About this task: Transcribe the entries that follow exactly as they appear, minus pictures.

Brief descriptive captions:

_____

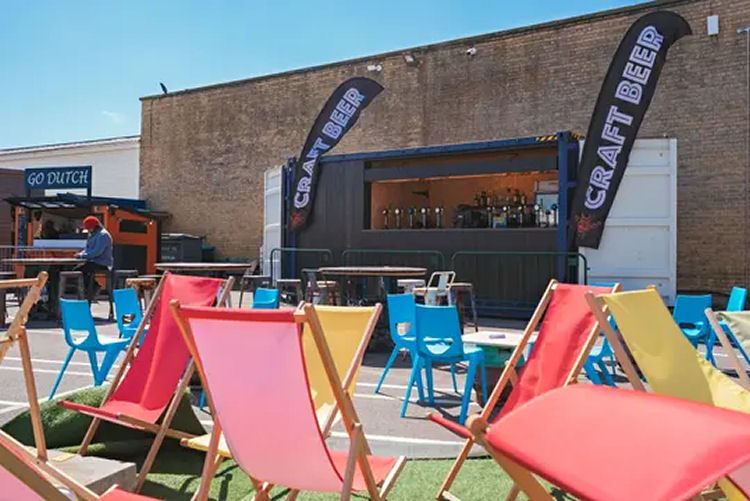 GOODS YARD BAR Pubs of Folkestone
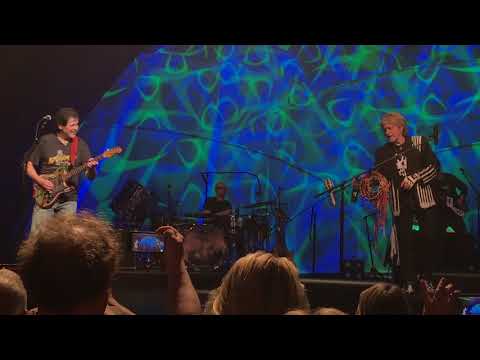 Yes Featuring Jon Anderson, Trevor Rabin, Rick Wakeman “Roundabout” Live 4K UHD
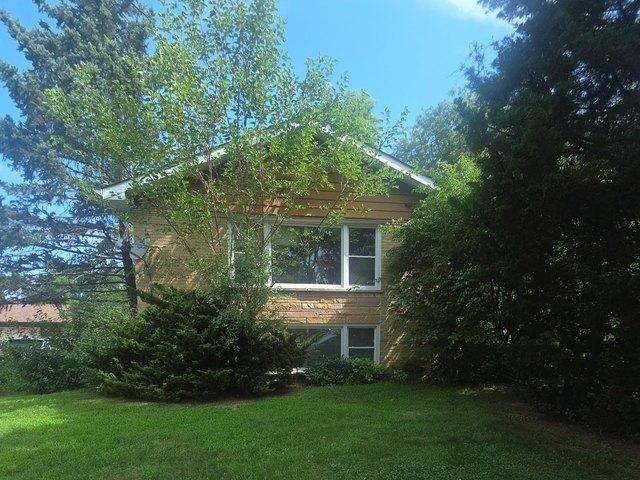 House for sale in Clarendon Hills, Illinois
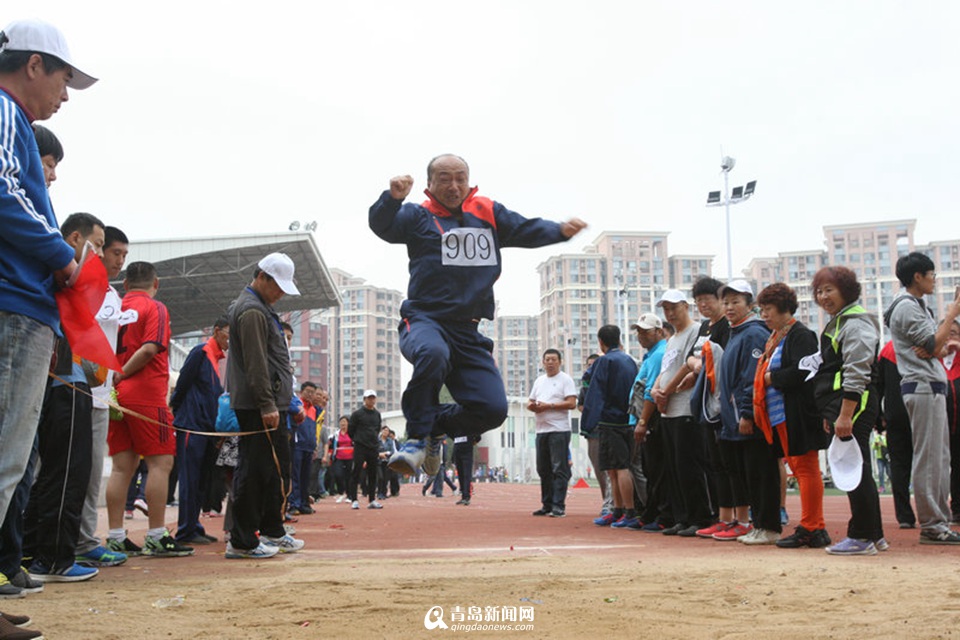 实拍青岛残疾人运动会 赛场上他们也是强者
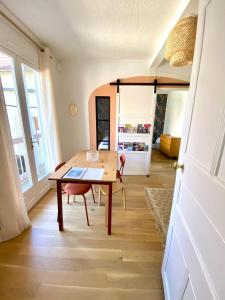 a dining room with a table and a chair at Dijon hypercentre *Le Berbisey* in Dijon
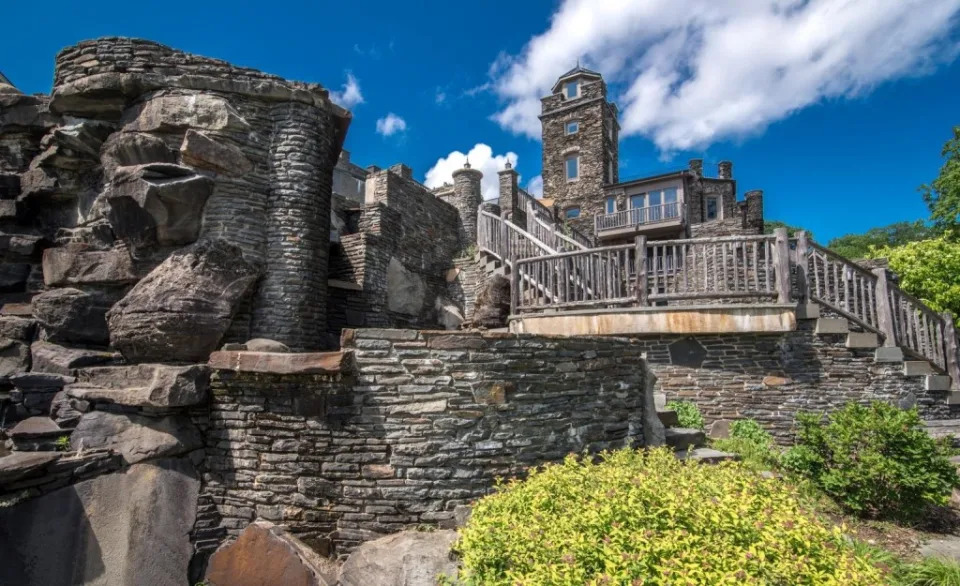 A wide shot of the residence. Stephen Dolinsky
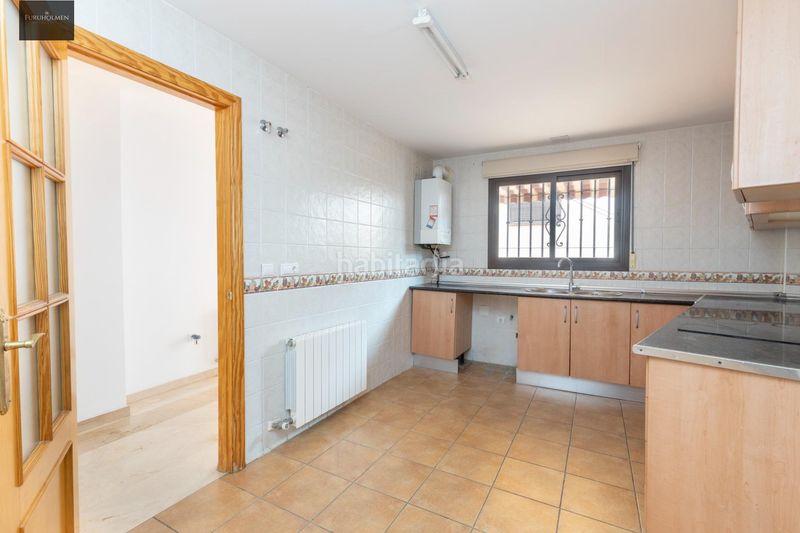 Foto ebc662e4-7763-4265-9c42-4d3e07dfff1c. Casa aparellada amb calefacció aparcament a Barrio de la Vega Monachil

_____

Finished task:
 GOODS YARD BAR Pubs of Folkestone
 Yes Featuring Jon Anderson, Trevor Rabin, Rick Wakeman “Roundabout” Live 4K UHD
 House for sale in Clarendon Hills, Illinois
 实拍青岛残疾人运动会 赛场上他们也是强者
 a dining room with a table and a chair at Dijon hypercentre *Le Berbisey* in Dijon
 A wide shot of the residence. Stephen Dolinsky
 Foto ebc662e4-7763-4265-9c42-4d3e07dfff1c. Casa aparellada amb calefacció aparcament a Barrio de la Vega Monachil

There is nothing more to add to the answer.